From day one in 2003, the hierarchy of Saddam's
military and intelligence and security apparatus
offered the Americans a deal. What they said was
that, "We never liked al Qaeda. We never had them in
our country. As a regime, we never tolerated them. We
are not al Qaeda. We do not share their agenda for
Islamic jihad or global Islamization. We do not share
their methods and tactics."
They also said, "We're deeply opposed to Iran, as
were you when you were our allies and we used your
satellite imagery to wipe out their divisions."
They said, "We're prepared to host US bases" -- the
verbatim quote was, "akin to Germany and Japan."
"We're more than happy to normalize diplomatic
relations."
And they said, "How did we end up on the wrong side
of this? Don't take us down this road."
At that point, in the early days of the CPA and
Ambassador Bremer, General Sanchez, they weren't just
rebuffed, they were once more dishonored.
So what emerged was a marriage of inconvenience. The
classic case of 'the enemy of my enemy is my friend.'
So you had these professional military officers in
Fallujah during those heady days of the summer of
2004 -- and I was in and out of there a lot, and I
was also with the US military when they retook
Fallujah -- and these two groups were working side by
side, but I can tell you, the assassinations that
went on, the fights that went on, the turf wars that
occurred... it was a very unhappy alliance.
But bit by bit as time went by -- through our fault,
and it must be said through the vision of a man
called Abu Mousab al-Zarqawi, who played the whole
situation like a virtuoso on a violin -- that
changed.
Much of it was about money. The jihadists were NEVER
short of cash. Plus they had an ideological framework
that very readily applied to an angry young man. And
they gained the momentum.
Now, a classic case, very simple illustration.
There's a central part of Baghdad called Haifa
Street. From Haifa Street you can fire mortars on the
US embassy. Haifa Street was the domain of
essentially the Ba'athists, the former military. They
owned it, they ran it. They were the ones who battled
the Americans in those narrow lane-ways. They're the
ones who would fire mortars and rockets at the
embassy and the Green Zone.
Then Ansar al-Islam sent a couple of representatives.
Then Tawhid wal-Jihad, Zarqawi's group, sent a couple
of representatives, and then they started to throw
money around, and then they started to grow. And it
got to the point where suddenly one day during one
fierce pitched battle with the Americans, at the end
of the battle, as the smoke cleared, literally with a
burning American Abrams in the central avenue of
Haifa Street, Zarqawi and the Jihadists took over.

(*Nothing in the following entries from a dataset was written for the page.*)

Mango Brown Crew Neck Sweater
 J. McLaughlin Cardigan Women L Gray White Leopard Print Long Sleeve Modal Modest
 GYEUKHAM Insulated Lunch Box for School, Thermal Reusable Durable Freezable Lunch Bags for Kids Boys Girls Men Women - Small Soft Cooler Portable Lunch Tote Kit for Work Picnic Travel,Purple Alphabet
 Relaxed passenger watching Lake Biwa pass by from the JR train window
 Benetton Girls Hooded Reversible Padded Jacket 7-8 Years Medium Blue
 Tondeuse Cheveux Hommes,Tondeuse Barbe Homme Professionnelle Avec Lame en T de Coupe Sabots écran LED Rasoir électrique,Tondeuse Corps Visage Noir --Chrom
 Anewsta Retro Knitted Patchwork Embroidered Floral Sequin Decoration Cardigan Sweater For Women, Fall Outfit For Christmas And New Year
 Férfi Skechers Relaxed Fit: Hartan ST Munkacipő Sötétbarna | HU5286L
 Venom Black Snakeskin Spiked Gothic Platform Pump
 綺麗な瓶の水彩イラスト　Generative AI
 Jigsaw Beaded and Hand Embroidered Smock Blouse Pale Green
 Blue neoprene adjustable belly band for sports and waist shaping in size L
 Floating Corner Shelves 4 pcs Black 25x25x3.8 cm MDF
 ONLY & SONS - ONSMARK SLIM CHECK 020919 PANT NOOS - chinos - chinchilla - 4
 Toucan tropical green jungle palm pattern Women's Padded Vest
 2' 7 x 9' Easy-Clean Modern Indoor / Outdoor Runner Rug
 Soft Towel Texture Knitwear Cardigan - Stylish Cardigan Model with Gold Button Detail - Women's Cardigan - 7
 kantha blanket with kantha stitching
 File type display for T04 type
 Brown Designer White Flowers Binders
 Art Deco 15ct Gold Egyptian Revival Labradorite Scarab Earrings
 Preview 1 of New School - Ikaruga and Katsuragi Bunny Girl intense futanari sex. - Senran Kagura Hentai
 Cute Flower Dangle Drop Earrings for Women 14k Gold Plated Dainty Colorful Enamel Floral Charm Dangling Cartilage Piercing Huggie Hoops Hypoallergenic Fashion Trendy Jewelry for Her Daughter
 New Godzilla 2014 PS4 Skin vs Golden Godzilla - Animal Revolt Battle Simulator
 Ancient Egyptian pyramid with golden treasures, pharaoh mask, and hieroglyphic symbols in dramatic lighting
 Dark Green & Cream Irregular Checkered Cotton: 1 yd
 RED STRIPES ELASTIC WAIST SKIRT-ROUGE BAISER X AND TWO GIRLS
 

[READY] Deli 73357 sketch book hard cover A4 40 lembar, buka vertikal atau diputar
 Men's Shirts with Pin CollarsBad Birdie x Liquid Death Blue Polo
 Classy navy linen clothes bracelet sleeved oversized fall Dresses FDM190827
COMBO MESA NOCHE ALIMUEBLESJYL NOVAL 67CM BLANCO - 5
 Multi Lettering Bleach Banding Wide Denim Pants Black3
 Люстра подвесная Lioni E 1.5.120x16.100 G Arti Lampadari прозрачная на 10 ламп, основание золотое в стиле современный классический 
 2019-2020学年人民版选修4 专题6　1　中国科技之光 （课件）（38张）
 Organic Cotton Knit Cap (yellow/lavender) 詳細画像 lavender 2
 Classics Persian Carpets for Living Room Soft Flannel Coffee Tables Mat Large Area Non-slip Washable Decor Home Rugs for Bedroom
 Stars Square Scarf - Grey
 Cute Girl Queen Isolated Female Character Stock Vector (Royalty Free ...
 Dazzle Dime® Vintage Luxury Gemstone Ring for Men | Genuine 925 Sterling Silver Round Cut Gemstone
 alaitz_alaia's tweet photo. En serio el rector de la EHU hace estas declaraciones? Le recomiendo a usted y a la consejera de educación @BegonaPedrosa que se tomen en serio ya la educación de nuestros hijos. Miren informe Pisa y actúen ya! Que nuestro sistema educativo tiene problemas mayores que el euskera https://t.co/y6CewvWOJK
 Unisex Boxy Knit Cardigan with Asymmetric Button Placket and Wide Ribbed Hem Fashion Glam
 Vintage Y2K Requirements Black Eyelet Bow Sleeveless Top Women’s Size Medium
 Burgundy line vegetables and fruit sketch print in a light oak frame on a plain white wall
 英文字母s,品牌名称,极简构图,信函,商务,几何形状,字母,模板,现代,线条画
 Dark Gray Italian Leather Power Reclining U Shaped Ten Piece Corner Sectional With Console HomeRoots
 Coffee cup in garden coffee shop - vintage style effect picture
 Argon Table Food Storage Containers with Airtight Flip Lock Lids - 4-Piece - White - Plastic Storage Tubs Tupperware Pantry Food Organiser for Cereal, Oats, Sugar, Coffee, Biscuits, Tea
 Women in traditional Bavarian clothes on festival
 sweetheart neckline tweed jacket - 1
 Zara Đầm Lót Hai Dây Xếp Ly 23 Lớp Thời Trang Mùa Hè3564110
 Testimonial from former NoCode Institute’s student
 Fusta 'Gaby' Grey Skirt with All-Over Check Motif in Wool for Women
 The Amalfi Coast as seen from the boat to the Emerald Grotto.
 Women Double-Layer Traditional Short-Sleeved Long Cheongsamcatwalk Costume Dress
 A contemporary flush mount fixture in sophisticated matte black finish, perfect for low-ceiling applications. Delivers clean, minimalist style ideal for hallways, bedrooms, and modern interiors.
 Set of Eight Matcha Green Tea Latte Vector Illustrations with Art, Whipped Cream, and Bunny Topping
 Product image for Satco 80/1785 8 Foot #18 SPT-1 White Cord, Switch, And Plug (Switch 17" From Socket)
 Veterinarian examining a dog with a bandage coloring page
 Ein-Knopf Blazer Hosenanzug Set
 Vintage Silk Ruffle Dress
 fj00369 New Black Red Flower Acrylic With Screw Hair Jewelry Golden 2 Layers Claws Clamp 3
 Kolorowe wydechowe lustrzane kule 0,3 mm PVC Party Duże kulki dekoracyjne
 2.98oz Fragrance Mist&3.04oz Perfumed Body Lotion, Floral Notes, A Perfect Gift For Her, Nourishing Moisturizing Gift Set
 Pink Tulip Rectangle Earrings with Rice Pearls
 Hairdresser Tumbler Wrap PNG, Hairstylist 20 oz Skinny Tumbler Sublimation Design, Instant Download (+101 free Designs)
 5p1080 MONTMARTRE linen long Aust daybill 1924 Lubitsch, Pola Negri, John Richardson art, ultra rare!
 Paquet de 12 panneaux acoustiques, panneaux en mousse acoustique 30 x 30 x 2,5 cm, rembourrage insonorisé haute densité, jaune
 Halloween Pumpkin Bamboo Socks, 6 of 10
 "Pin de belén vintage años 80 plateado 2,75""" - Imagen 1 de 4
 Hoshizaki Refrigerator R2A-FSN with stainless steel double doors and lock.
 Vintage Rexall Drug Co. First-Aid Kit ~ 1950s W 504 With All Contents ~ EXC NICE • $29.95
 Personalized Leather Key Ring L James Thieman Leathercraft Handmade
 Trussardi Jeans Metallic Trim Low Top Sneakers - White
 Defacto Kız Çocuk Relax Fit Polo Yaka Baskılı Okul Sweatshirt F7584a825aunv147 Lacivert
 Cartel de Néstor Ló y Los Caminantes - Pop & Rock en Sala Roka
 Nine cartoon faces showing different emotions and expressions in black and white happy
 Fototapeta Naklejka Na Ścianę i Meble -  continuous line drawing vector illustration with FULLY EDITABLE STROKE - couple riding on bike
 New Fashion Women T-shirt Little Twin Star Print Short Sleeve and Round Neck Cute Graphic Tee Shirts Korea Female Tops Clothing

So
much so that some of the Ba'athists came to me to
tell me of this, and they feared the rise of the
Islamists. And I said, "Well, how do I know this is
true, I must see it for myself," so they took me in
there. And lo and behold, I drive down that main
avenue and it is lined with Tawhid wal-Jihad flags.
Now, I was then grabbed by what essentially became al
Qaeda, they were preparing to execute me, and it was
the Ba'athists who saved me.
But more and more as time went on, the idea, the
money, the power, the momentum grew and took root.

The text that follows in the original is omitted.